[monk_the_dog]

| but a more technical understanding requires the knowledge that rvalue references can bind to any l- or rvalue

I don't think that's true. rvalue references can only bind to rvalues.

Here's a complete program. foo(i) won't compile bacause i is not an rvalue. bar(i) will compile, and foo(1) will compile.

#include <iostream>

using namespace std;

int foo(int&& i){ return i; }

template<class T> T bar(T&& i){ return i; }

int main() { int i=0; cout << foo(i) << endl;

   return 0;

}

edit: I am replying humbly. C++ is a complex language and I might very well be wrong.

[splinterofchaos]

I did not mean "any rvalue-reference" and bind to "any l- or rvalue", but that you can have an "int &&", "int& &&", "const int& &&", and even "int&& &&". I updated my comment to say "can be made from" instead "can bind to".

Your code example does not work because you call "foo" instead of "bar". But consider this one:

#include <iostream>

using namespace std;

template<class T> T bar(T&& i){ return std::forward<T>(i); }

int main() {

  int i=0;

  cout << bar<int&&>(6) << endl;

  return 0;

}

[monk_the_dog]

Maybe you're confusing reference collapsing with universal references?

In your example, replace bar<int&&>(6) to bar<int&&>(i).

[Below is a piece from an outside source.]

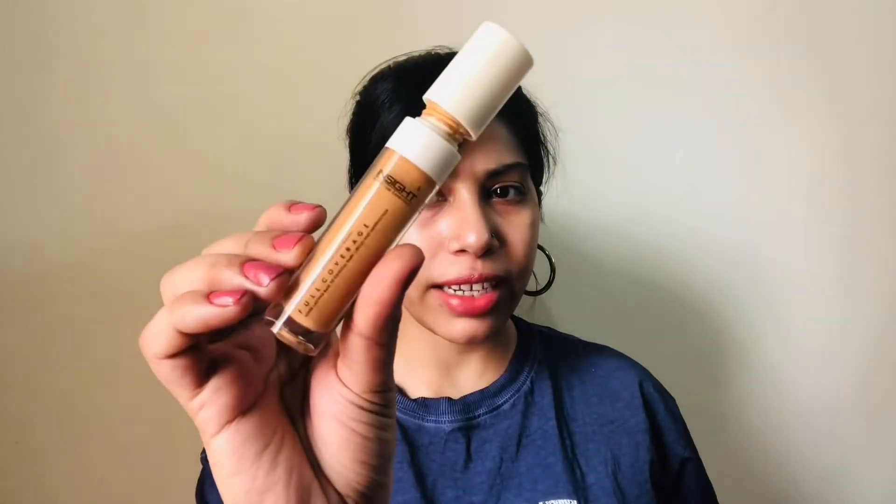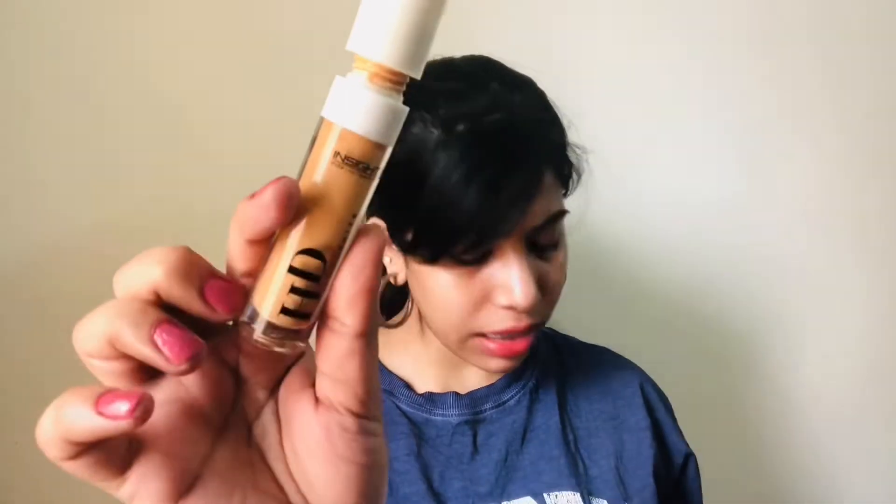The next product is the Insta Cosmetics HD Concealer in the shade MN30 and its MRP is around Rs 230, but again you will get this on discount. If you want your makeup to look flawless, dewy, and glowing, this product is a must-have for you.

It won't compile because i is not an r value. bar(i) will compile, because the template parameter is a universal reverence that will become an lvalue (not an rvalue) through reference collapsing.

[splinterofchaos]

I called "bar" with "<int&&>" to demonstrate that you can bind an rvalue-ref to an rvalue-ref, not to suggest that's how it should be called.